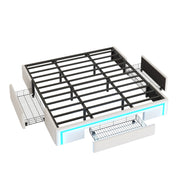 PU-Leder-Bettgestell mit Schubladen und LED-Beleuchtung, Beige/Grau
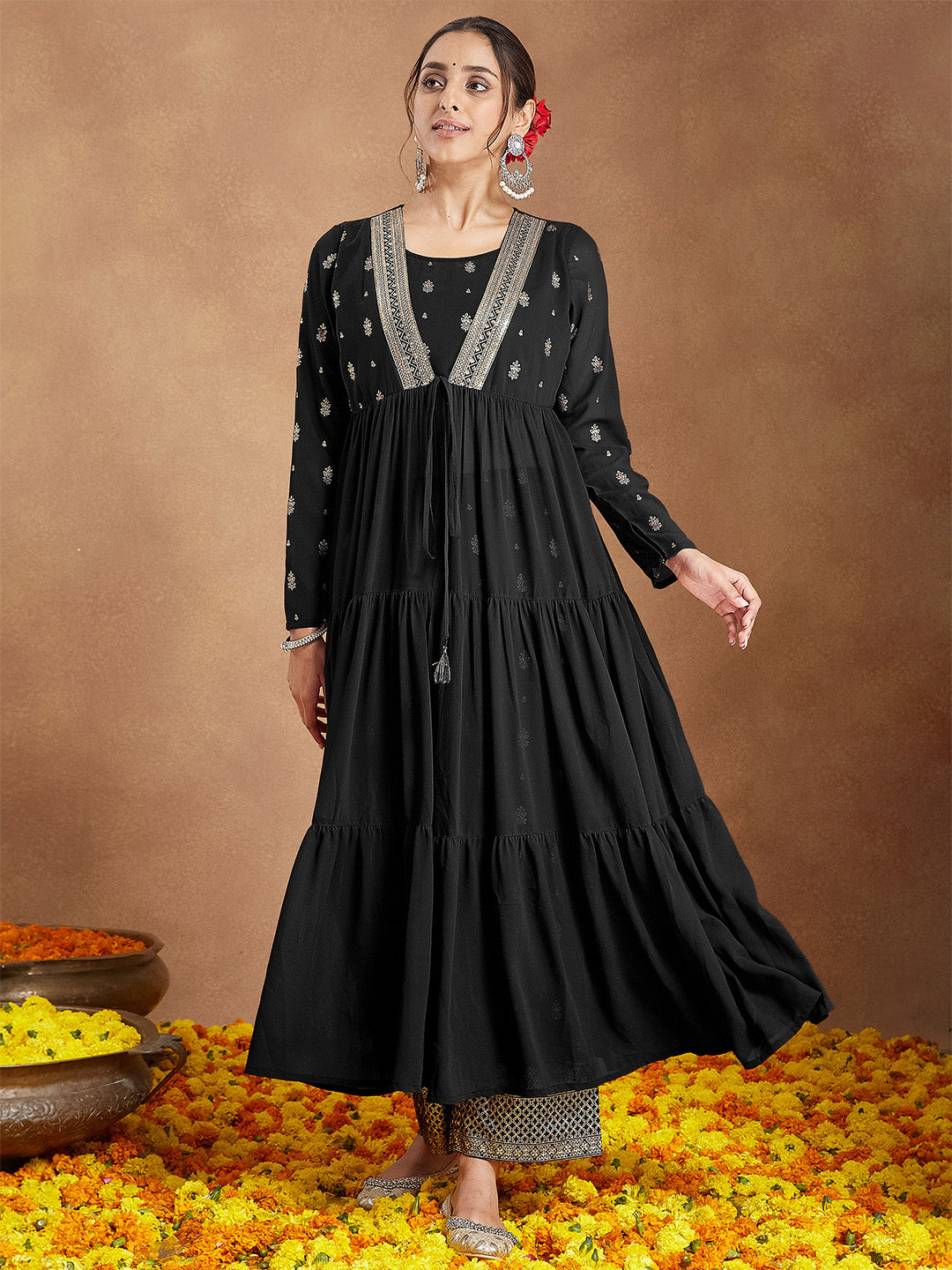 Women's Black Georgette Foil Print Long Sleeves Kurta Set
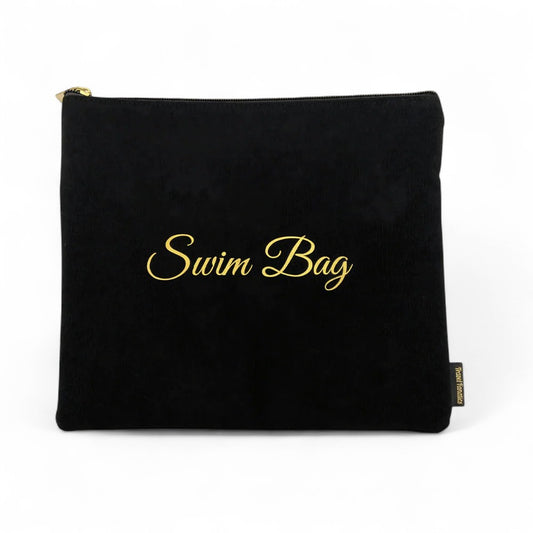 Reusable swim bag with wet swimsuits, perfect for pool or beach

▬▬▬▬▬▬▬▬▬▬

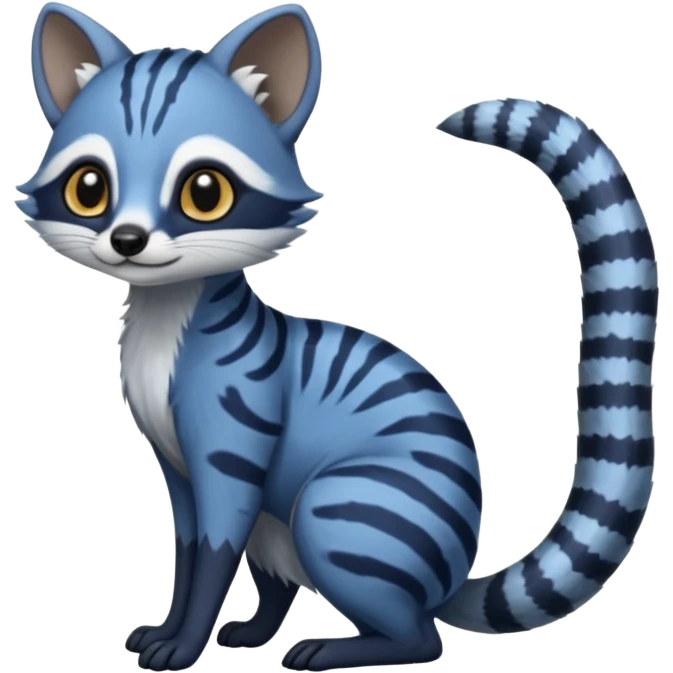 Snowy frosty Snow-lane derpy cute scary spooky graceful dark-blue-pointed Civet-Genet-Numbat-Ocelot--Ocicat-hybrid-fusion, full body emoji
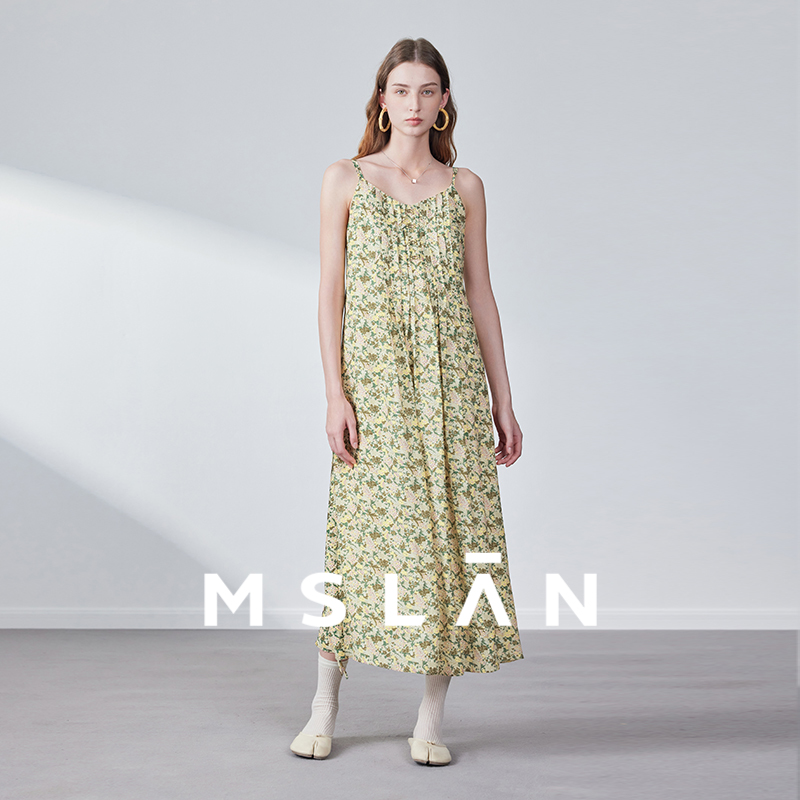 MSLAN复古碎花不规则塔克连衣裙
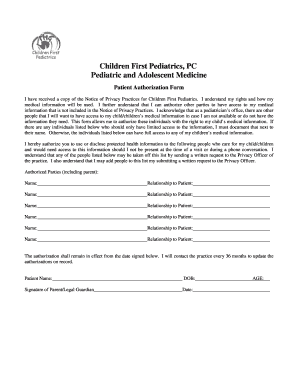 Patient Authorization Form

▬▬▬▬▬▬▬▬▬▬

▶ [Problem description]: From the material above, output only the span of lines that starts at the one containing "MSLAN复古碎花不规则塔克连衣裙" and finishes at the one containing "Patient Authorization Form", word for word and free of pictures.

▶ [Solution to this exercise]:
 MSLAN复古碎花不规则塔克连衣裙
 Patient Authorization Form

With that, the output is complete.